The Gateway Project will deliver a 10%-20% increase in real estate values in the areas listed, over and above the rest of the Lower Mainland and Fraser Valley, according to the Real Estate Investment Network.

The regions that will benefit most are ranked according to how great the impact will be.

1. Maple Ridge and Pitt Meadows, hampered by poor transportation infrastructure for decades, will see property values increase as the region becomes among the most accessible in the Lower Mainland; this will drive demand for both residential and commercial-industrial property. Directly affecting the region will be: The new Golden Ears Bridge; the new Pitt River Bridge; the South Fraser Perimeter Road; the expansion of Highway 1; and the twinning of the Port Mann Bridge.
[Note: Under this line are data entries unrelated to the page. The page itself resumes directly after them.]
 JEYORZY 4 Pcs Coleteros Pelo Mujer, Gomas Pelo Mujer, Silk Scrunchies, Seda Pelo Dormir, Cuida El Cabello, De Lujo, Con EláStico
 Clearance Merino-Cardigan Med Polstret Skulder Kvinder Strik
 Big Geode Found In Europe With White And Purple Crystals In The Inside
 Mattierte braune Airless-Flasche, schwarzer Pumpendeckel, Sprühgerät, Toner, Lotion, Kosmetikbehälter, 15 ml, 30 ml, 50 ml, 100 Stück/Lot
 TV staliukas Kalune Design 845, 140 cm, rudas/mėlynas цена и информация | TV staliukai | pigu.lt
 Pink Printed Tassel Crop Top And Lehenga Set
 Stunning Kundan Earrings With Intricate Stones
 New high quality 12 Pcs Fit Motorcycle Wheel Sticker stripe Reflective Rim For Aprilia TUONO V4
2. North Langley, Fort Langley and Abbotsford have been held back by Highway 1 and Port Mann Bridge congestion. The expansion of the HOV lane on Highway 1,the twinning of the Port Mann Bridge, and the completion of the South Fraser Perimeter Road will relieve this congestion, driving growth for commercial enterprises and residential units alike.

3. Port Moody and Port Coquitlam already enjoy higher real estate prices than the first two on this list, but this region will experience an increase in demand from commuters wishing to stay on the north side of the Fraser. The largest impact will come from the Evergreen Rapid Transit Line and improvements to the North Fraser Perimeter Road.

4. Surrey and Delta will see traffic issues alleviated after the completion of the South Fraser Perimeter Road and the twinning of the Port Mann Bridge, as much of the commercial truck traffic will be taken off arterial streets.

5. Mission and Chilliwack will feel the impact from reduced congestion on Highway 1 and access to the South Fraser Perimeter Road. Mission will attract both residential and commercial interest, while Chilliwack will see a boost in commercial-industrial investment.